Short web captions
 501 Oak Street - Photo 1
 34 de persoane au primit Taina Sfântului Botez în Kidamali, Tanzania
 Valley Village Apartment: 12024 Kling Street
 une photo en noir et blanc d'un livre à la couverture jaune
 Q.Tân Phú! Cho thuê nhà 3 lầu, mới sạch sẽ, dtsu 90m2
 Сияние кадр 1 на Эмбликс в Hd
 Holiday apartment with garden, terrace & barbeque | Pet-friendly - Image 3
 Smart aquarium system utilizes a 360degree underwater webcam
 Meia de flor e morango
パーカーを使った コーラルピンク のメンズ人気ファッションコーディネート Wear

• _Task description_: Repeat every record above. Each one must match exactly.

• _Result_:
 501 Oak Street - Photo 1
 34 de persoane au primit Taina Sfântului Botez în Kidamali, Tanzania
 Valley Village Apartment: 12024 Kling Street
 une photo en noir et blanc d'un livre à la couverture jaune
 Q.Tân Phú! Cho thuê nhà 3 lầu, mới sạch sẽ, dtsu 90m2
 Сияние кадр 1 на Эмбликс в Hd
 Holiday apartment with garden, terrace & barbeque | Pet-friendly - Image 3
 Smart aquarium system utilizes a 360degree underwater webcam
 Meia de flor e morango
パーカーを使った コーラルピンク のメンズ人気ファッションコーディネート Wear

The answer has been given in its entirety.